# Mirror Finish Hits The Premier League



## Mirror Finish Details (Aug 21, 2008)

Evenin All,

After a few meetings with his manager I now have on board as a customer a Premier League footy player and his 14 cars. 14 cars to detail and maintain on a yearly contract, I feel that after 3 years I have hit the recession proof market.

I have signed a non disclosure agreement so cannot say who it is, who he plays for etc.

The security guards stripped my car of everything and checked all the stuff, searched me as well. I even had to hand my blackberry into them. Can only take a non camera phone infuture. They were more thouough than security at the Manchester Airport. These guys frightened me, they were massive blokes.

The facilities there are amazing as well as the cars, 14 cars parked under the house all in an air conditioned environment. With a dedicated valeting bay and a full detailing light set up like the one at Meguiars.

He does come on here as a visitor so unless I have permission to show a car there will be no write up's.
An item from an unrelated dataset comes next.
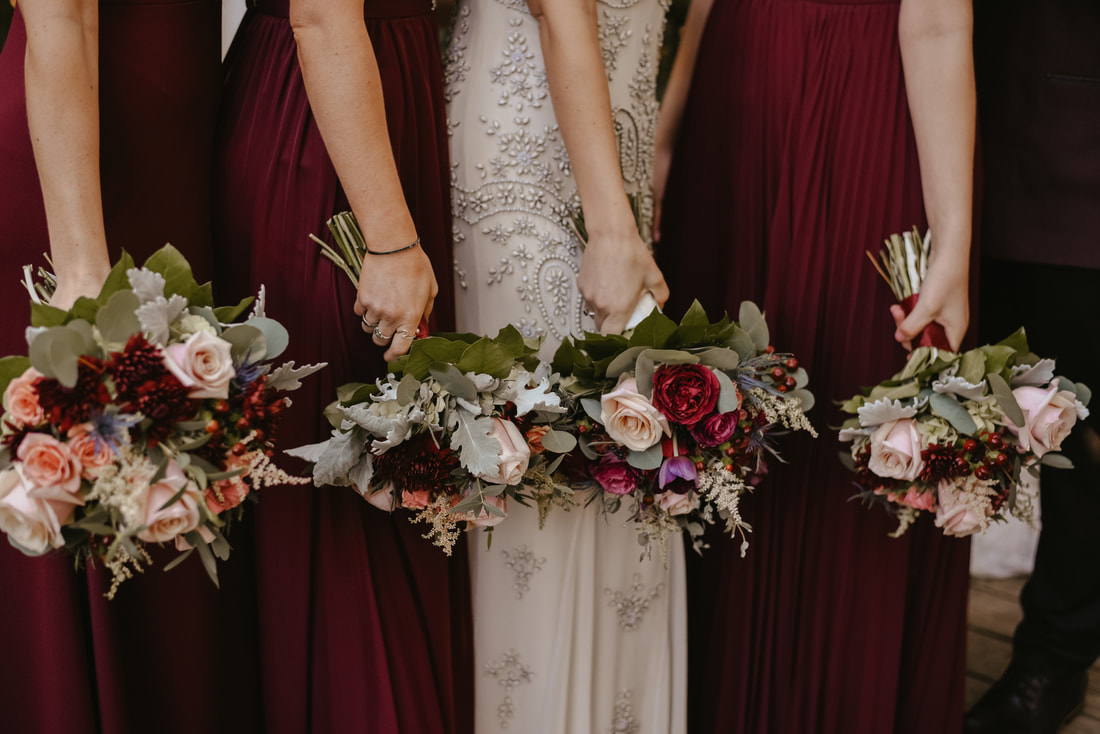 Bride in vintage dress and bridesmaids in deep red dresses with matching bouquets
Sorry guys.

I thought that I'd post this up as there is still business out there if you put the effort in.

How did I get this, I stuck a card on his windscreen at John Lewis car park on Christmas Eve.

Cheers
Steve


----------



## Rsskwil (Mar 18, 2009)

:thumb::thumb: good work mate 
just shows that putting a business card on a car will get u work well i say work 14 cars thats alot of bloody work 

good 4 u mate :thumb:

Russ


----------



## HC1001 (May 27, 2007)

Good work Steve, enjoy all those motors..............:thumb:


----------



## caledonia (Sep 13, 2008)

Well done Steve and all the best with the new contract.
Gordon.


----------



## CupraRcleanR (Sep 2, 2007)

wEll done that man. Have fun


----------



## sim L (Jan 3, 2010)

Fair play mate! 14 cars :doublesho damn... :thumb:


----------



## 03OKH (May 2, 2009)

Congratulations. :thumb:


----------



## Guest (Jan 21, 2010)

well done mate :thumb:


----------



## tim (May 2, 2006)

Ok look at me.... I've a client whos name I cant 'disclose'..... ladeda....

Reeks of BS to me tbh.

Why are people always so easily spoon fed on this forum?


----------



## Guest (Jan 21, 2010)

Congratulations Steve.

Still, the player would be jealous of my nifty, new Polo! Picking up 3:30pm tomorrow! 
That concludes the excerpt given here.